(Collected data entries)
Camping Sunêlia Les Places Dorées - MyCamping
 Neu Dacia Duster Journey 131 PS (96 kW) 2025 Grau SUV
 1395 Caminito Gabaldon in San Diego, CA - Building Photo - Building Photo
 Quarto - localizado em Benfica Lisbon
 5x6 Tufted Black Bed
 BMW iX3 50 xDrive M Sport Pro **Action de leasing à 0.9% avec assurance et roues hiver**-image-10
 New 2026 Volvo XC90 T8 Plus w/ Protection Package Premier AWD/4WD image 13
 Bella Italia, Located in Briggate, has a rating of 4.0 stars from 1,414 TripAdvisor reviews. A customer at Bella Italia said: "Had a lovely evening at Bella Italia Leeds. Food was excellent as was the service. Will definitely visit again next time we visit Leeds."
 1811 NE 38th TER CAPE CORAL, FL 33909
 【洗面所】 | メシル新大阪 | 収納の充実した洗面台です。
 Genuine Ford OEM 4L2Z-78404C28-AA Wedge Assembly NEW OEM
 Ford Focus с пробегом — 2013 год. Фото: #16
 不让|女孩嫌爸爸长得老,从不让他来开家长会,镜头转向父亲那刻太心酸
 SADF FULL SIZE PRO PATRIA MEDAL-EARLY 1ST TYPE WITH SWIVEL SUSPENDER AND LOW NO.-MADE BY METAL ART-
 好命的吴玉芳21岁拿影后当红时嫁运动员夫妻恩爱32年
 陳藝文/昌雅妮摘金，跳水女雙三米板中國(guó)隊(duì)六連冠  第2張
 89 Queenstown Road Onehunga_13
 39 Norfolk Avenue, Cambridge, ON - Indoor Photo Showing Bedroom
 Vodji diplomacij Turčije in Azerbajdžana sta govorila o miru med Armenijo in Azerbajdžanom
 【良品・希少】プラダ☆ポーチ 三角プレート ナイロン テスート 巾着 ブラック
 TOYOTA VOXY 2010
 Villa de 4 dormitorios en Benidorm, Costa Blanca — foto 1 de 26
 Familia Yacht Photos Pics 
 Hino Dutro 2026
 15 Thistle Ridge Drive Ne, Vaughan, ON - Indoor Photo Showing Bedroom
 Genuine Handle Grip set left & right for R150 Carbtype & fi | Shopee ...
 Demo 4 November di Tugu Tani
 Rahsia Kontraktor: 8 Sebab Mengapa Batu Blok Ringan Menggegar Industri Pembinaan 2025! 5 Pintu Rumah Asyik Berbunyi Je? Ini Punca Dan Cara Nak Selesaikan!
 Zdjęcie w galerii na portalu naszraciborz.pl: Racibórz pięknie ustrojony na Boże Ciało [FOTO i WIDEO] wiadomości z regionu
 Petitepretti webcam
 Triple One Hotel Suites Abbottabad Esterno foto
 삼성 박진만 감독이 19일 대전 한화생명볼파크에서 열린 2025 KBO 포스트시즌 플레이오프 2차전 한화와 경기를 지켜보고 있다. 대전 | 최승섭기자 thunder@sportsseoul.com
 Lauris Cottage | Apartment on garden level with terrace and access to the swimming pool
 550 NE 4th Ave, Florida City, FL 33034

▸ **WORK INSTRUCTIONS**:
Could you print, exactly and with nothing else, the lines from the one containing "15 Thistle Ridge" through the last line of the records above?

▸ **RESULT OF THE EXERCISE**:
 15 Thistle Ridge Drive Ne, Vaughan, ON - Indoor Photo Showing Bedroom
 Genuine Handle Grip set left & right for R150 Carbtype & fi | Shopee ...
 Demo 4 November di Tugu Tani
 Rahsia Kontraktor: 8 Sebab Mengapa Batu Blok Ringan Menggegar Industri Pembinaan 2025! 5 Pintu Rumah Asyik Berbunyi Je? Ini Punca Dan Cara Nak Selesaikan!
 Zdjęcie w galerii na portalu naszraciborz.pl: Racibórz pięknie ustrojony na Boże Ciało [FOTO i WIDEO] wiadomości z regionu
 Petitepretti webcam
 Triple One Hotel Suites Abbottabad Esterno foto
 삼성 박진만 감독이 19일 대전 한화생명볼파크에서 열린 2025 KBO 포스트시즌 플레이오프 2차전 한화와 경기를 지켜보고 있다. 대전 | 최승섭기자 thunder@sportsseoul.com
 Lauris Cottage | Apartment on garden level with terrace and access to the swimming pool
 550 NE 4th Ave, Florida City, FL 33034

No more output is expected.